| PROVIDED MATERIAL |
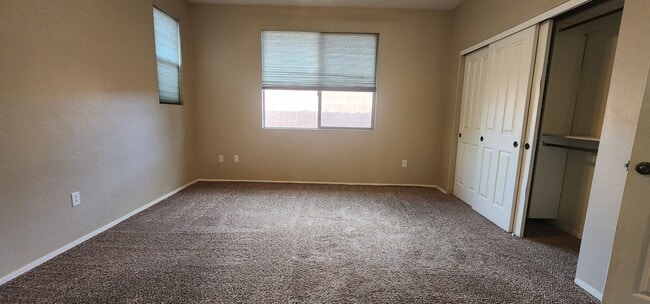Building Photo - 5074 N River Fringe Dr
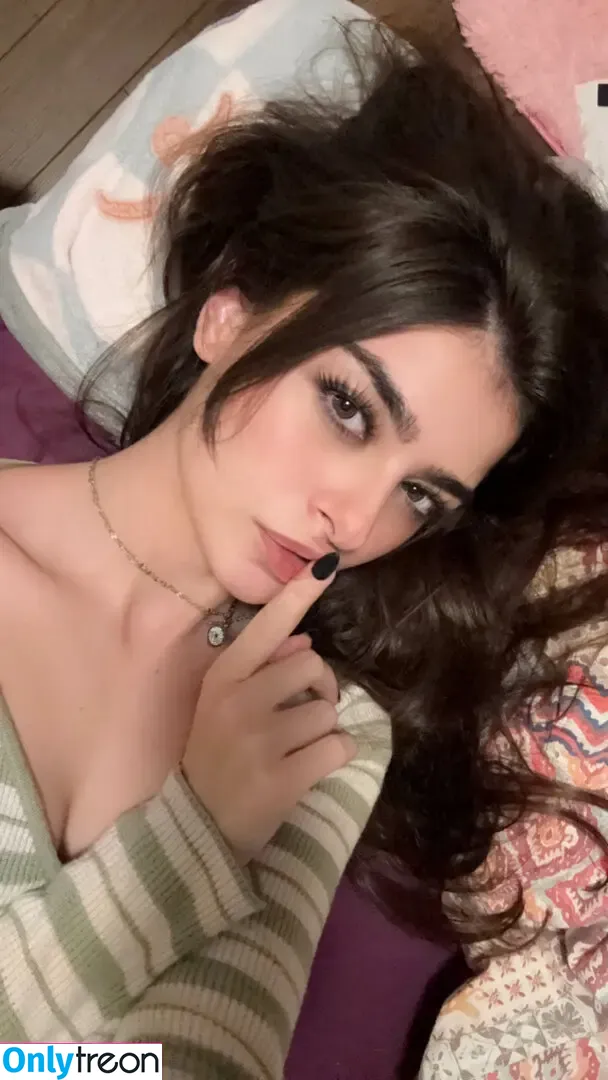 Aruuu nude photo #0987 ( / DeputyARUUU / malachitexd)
--
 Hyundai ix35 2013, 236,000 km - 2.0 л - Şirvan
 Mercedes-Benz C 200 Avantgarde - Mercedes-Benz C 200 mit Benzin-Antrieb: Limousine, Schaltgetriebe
==
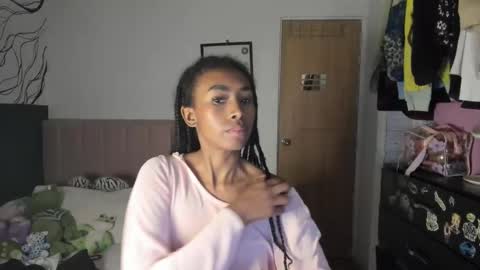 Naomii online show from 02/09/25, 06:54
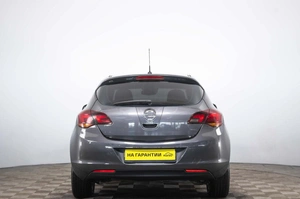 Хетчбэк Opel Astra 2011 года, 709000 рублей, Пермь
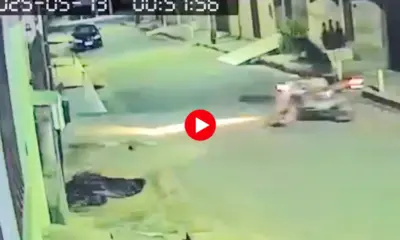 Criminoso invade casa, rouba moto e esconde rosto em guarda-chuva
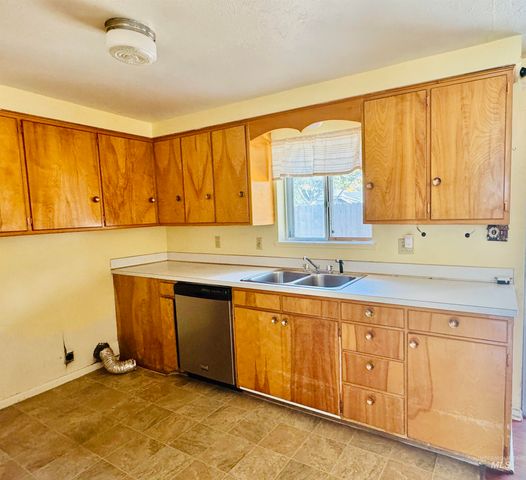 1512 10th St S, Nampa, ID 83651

| TASK TO COMPLETE |
In the listing above, find the line containing "Building Photo - 5074 N River Fringe Dr". Output it and every line after it up to and including the line containing "Aruuu nude photo", exactly, but skip the pictures.

| EXERCISE RESPONSE |
Building Photo - 5074 N River Fringe Dr
 Aruuu nude photo #0987 ( / DeputyARUUU / malachitexd)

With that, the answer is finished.